● **Data to process**:
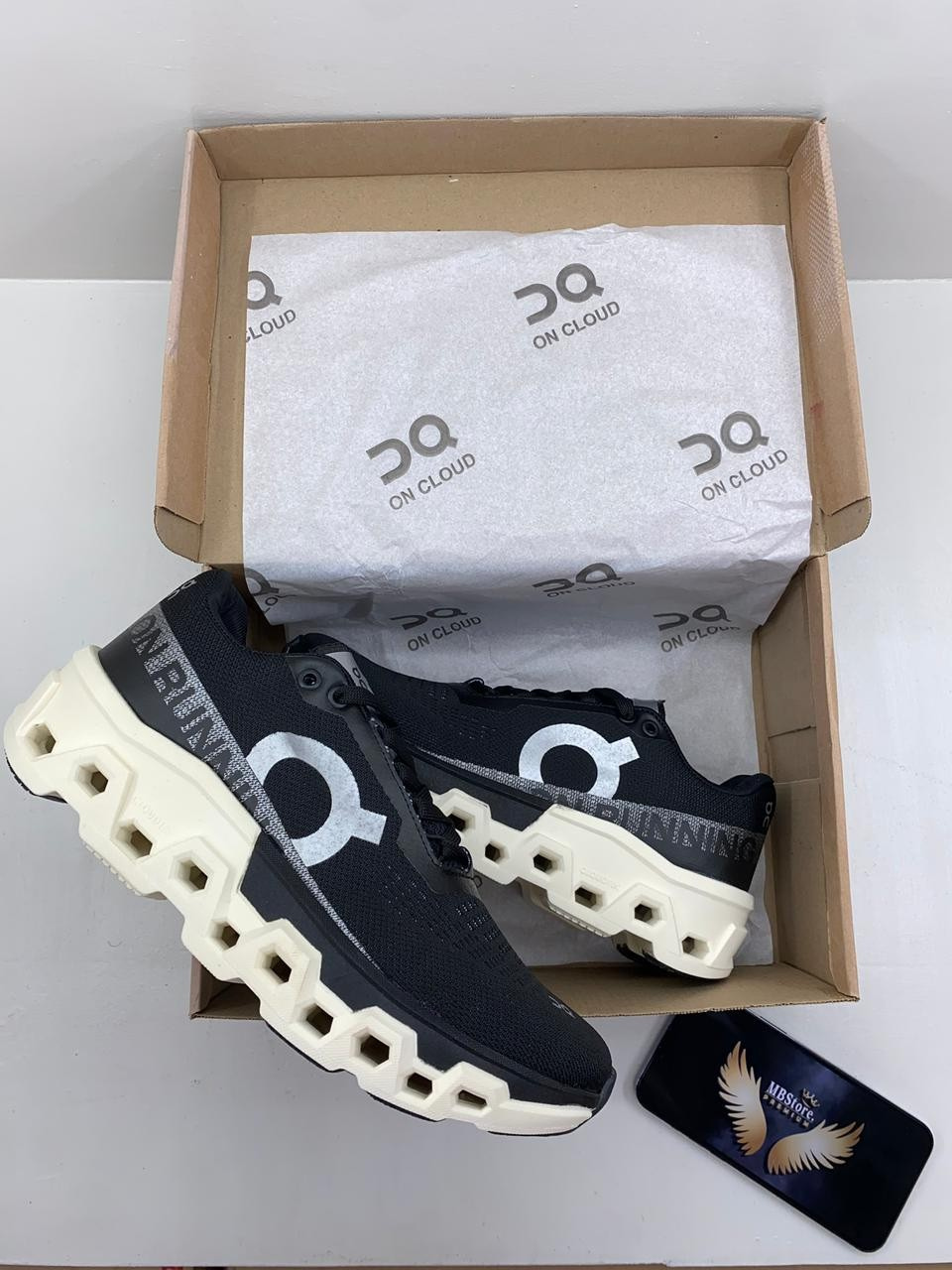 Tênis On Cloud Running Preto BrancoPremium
...
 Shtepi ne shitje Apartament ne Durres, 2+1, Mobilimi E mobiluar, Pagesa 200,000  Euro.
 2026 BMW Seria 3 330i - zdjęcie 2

● **Work required**: Word for word, restate the lines of the listing above starting at the line with "Shtepi ne shitje" and ending at the line with "2026 BMW Seria 3 330i - zdjęcie 2", and nothing outside them.

● **Answer for this exercise**:
 Shtepi ne shitje Apartament ne Durres, 2+1, Mobilimi E mobiluar, Pagesa 200,000  Euro.
 2026 BMW Seria 3 330i - zdjęcie 2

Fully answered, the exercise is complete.